Numerous alternative embodiments could be implemented, using either
current technology or technology developed after the filing date of
this patent, which would still fall within the scope of the
claims.
[0014] It should also be understood that, unless a term is
expressly defined in this patent using the sentence "As used
herein, the term `______` is hereby defined to mean . . . " or a
similar sentence, there is no intent to limit the meaning of that
term, either expressly or by implication, beyond its plain or
ordinary meaning, and such term should not be interpreted to be
limited in scope based on any statement made in any section of this
patent (other than the language of the claims). To the extent that
any term recited in the claims at the end of this patent is
referred to in this patent in a manner consistent with a single
meaning, that is done for sake of clarity only so as to not confuse
the reader, and it is not intended that such claim term by limited,
by implication or otherwise, to that single meaning. Finally,
unless a claim element is specifically defined by reciting the word
"means" and a function without the recital of any structure, it is
not intended that the scope of any claim element be interpreted
based on the application of 35 U.S.C. .sctn.112, sixth
paragraph.
[0015] FIG. 1 illustrates an example of a suitable computing system
environment 100 that may operate to display and provide the user
interface described by this specification. It should be noted that
the computing system environment 100 is only one example of a
suitable computing environment and is not intended to suggest any
limitation as to the scope of use or functionality of the method
and apparatus of the claims. Neither should the computing
environment 100 be interpreted as having any dependency or
requirement relating to any one component or combination of
components illustrated in the exemplary operating environment
100.
[0016] With reference to FIG. 1, an exemplary system for
implementing the blocks of the claimed method and apparatus
includes a general purpose computing device in the form of a
computer 110. Components of computer 110 may include, but are not
limited to, a processing unit 120, a system memory 130, and a
system bus 121 that couples various system components including the
system memory to the processing unit 120.

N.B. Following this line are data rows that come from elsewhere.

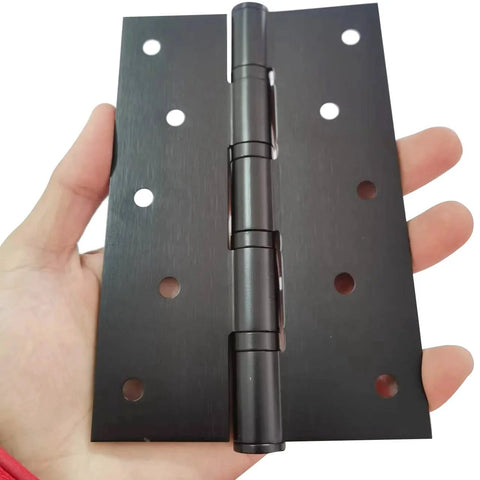 Hand holding 6 Inch Ball Bearing Door Hinges For Heavy Duty Wood Doors Non Mortise With Mounting Hardware Brushed Black Stainless Steel 304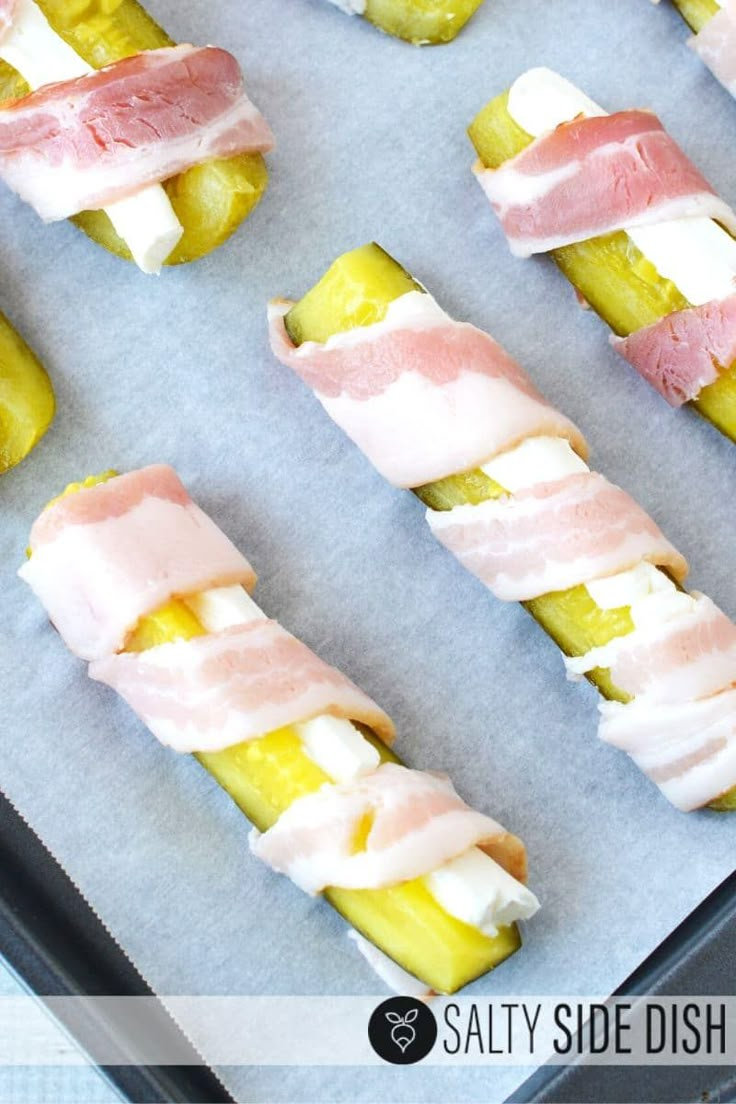 there are many different types of food on the baking sheet, including pickles and bacon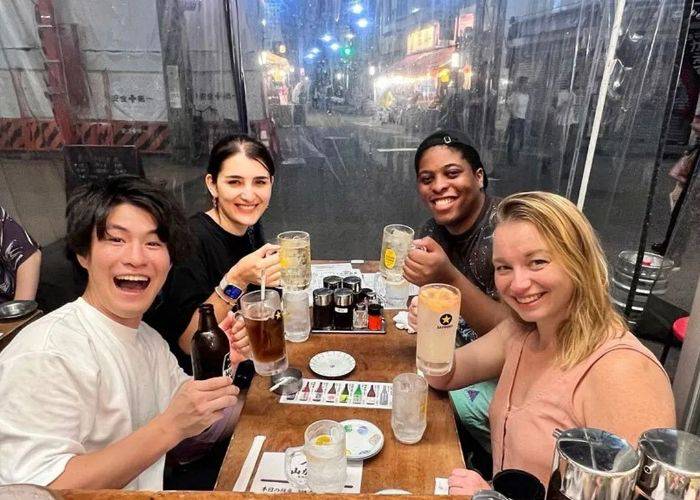 People smiling and drinking at this bar-hopping tour in Asakusa.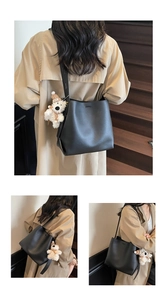 Detail showing a black leather bucket bag with a cute plush bear charm on a model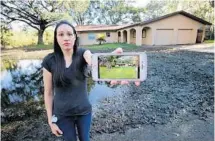  ?? JOE BURBANK/ STAFF PHOTOGRAPH­ER ?? Ashley Kinchen’s iPhone photo shows her home on Lake Oaks Boulevard before it was flooded — and left her family homeless — by a retention pond breach during Hurricane Irma.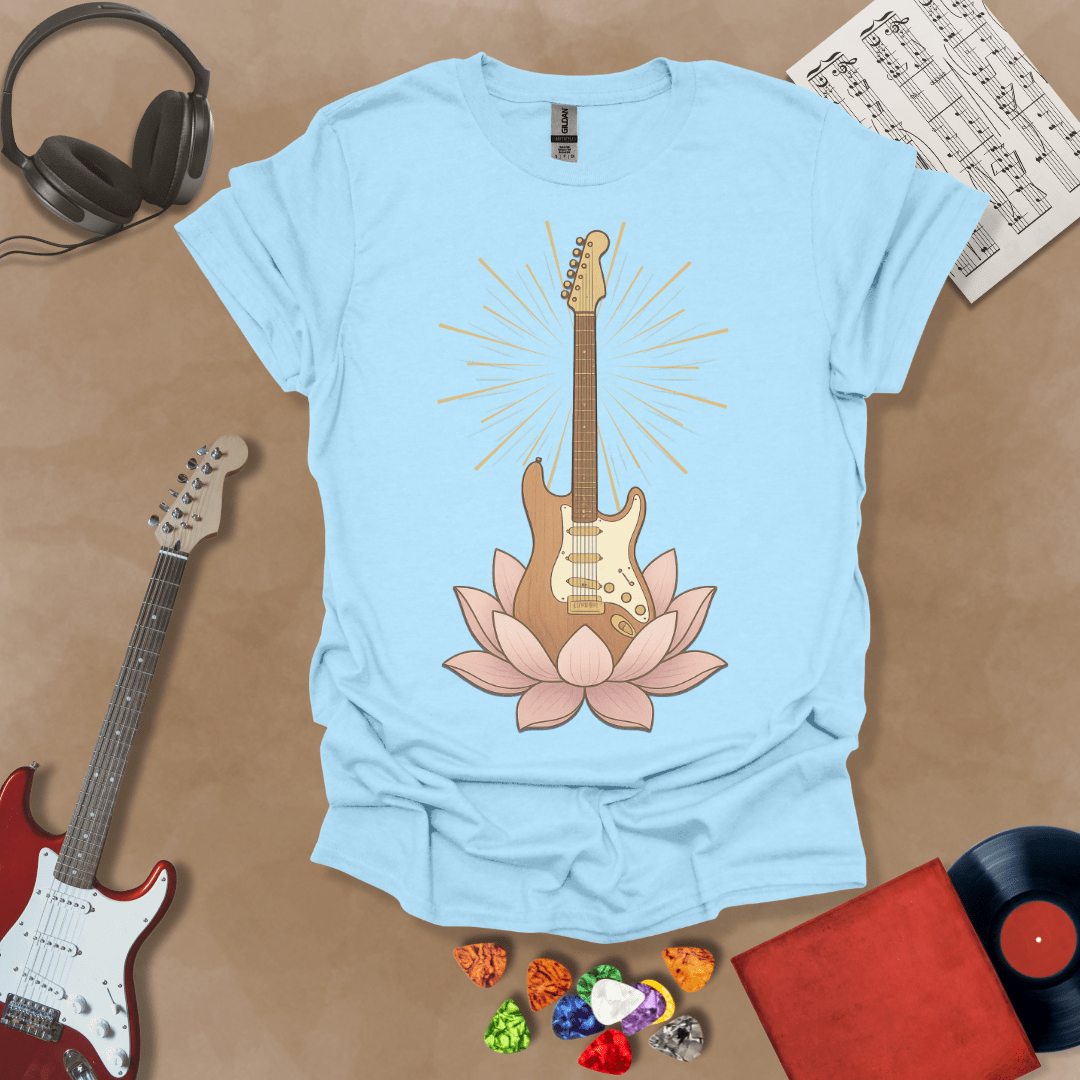 Light blue t-Shirt with Electric guitar rising from a pink lotus flower with radiant light beams, symbolic fusion of rock music and spiritual harmony.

[0017] The computer 110 may operate in a networked environment
using logical connections to one or more remote computers, such as
a remote computer 180, via a local area network (LAN) 171 and/or a
wide area network (WAN) 173 via a modem 172 or other network
interface 170.
[0018] Computer 110 typically includes a variety of computer
readable media that may be any available media that may be accessed
by computer 110 and includes both volatile and nonvolatile media,
removable and non-removable media. The system memory 130 includes
computer storage media in the form of volatile and/or nonvolatile
memory such as read only memory (ROM) 131 and random access memory
(RAM) 132. The ROM may include a basic input/output system 133
(BIOS). RAM 132 typically contains data and/or program modules that
include operating system 134, application programs 135, other
program modules 136, and program data 137.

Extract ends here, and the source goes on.